Daily Archives: Oct. 2, 2006

Mistakes are no cause for alarm

A new blog reader wants to know if it alarms me how many times we’re writing in this blog about mistakes in the paper. (The question wasn’t stated so politely, but the gist of it was that we seem to have no shortage of errors to write about.)

The short answer: Not a bit.

The longer answer: I can argue as well as anyone, and for every time I’ve written in this blog that we fell short in some way – I promise I could have made a credible argument instead for why we were right. But I don’t see the value in doing that.

Every day, we publish thousands of facts. We have to pick which to include in a story and which we can’t. We then summarize those facts in four to six words in a headline. And we do it on an inflexible deadline. We’re going to make mistakes.

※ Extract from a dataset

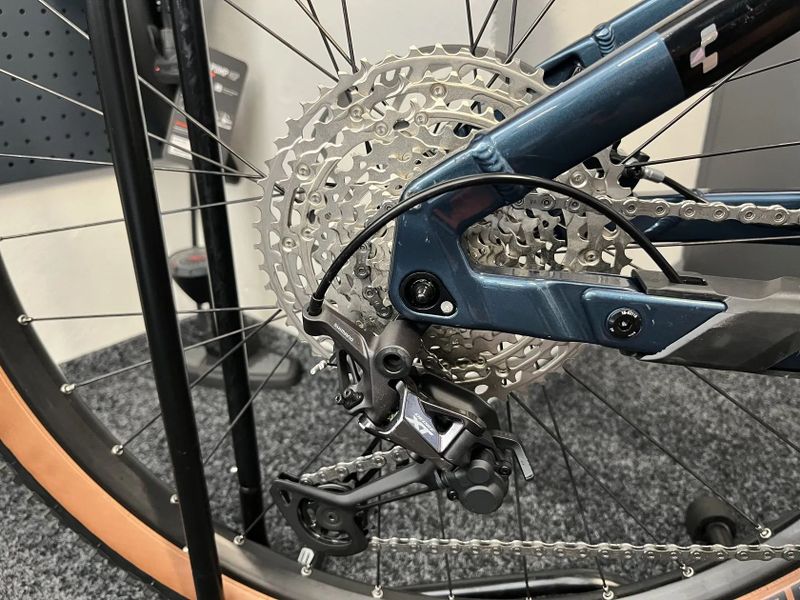 CUBE Stereo Hybrid 120 RACE 750 vel.M 2023 55KM FOX,XT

But we do have to aspire to be perfect. I hate it when we get facts wrong. Or miss a typo. Or make a grammatical mistake. Or leave a fact out of a story that was critical to reader understanding, or balanced viewpoints. Or write a headline that misses the point of a story. I have a list that’s longer than the time you have to read this.

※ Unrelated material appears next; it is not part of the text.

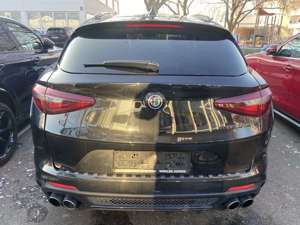 Alfa Romeo Stelvio Quadrifoglio Q4 Bild 5
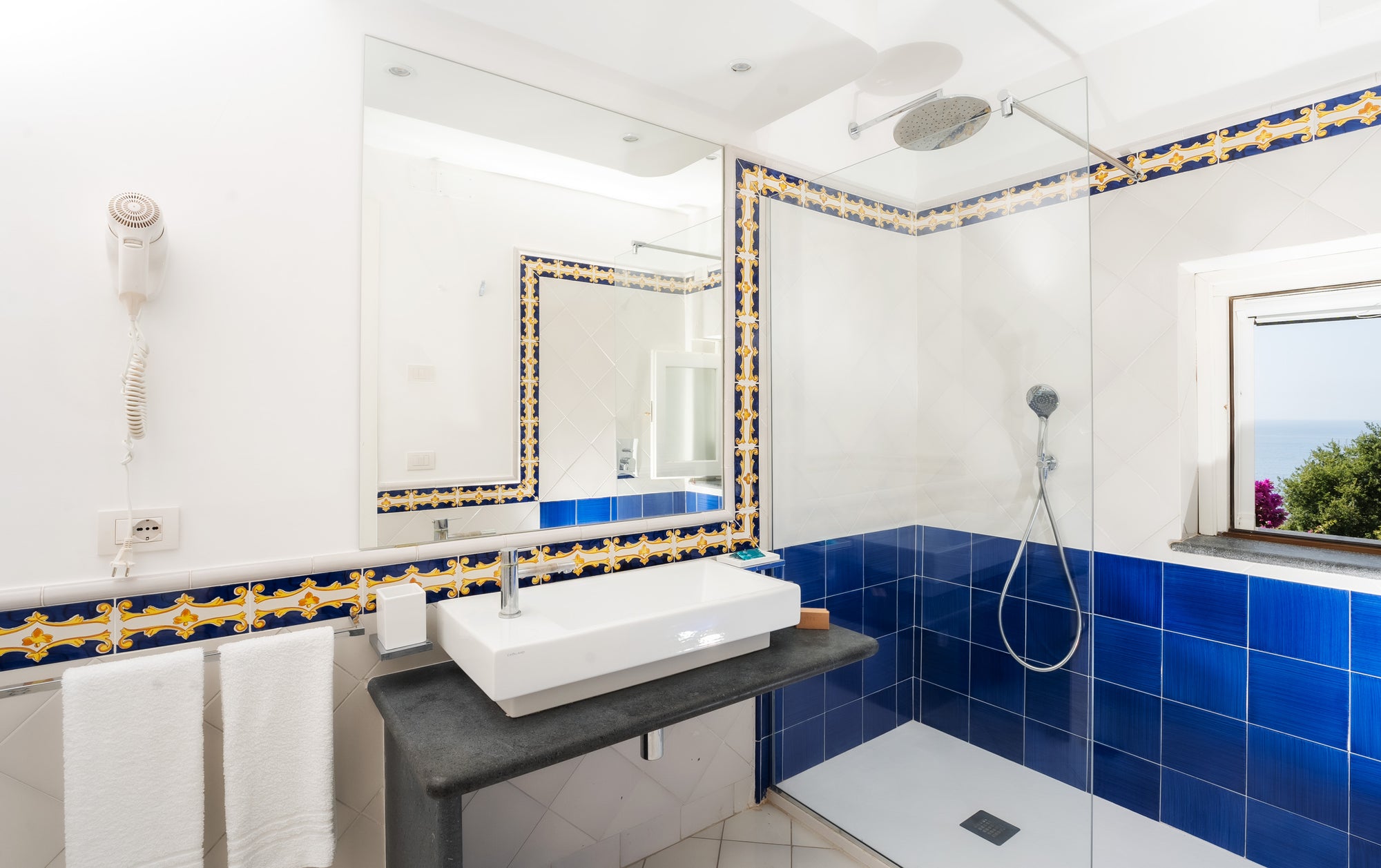 Villa Santa Croce - Amalfi coast luxury villa sleeps 12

I make mistakes every day. Everyone does, whether they admit it or not. There’s no reason not to acknowledge mistakes and focus on figuring out how they happened, and learn from them.

I work with a talented news staff of people who are deeply committed to publishing a great community newspaper. We succeed far, far more than we fail. When we come up short, we owe it to our readers to say so.

I would be alarmed if I thought we were unwilling to do that.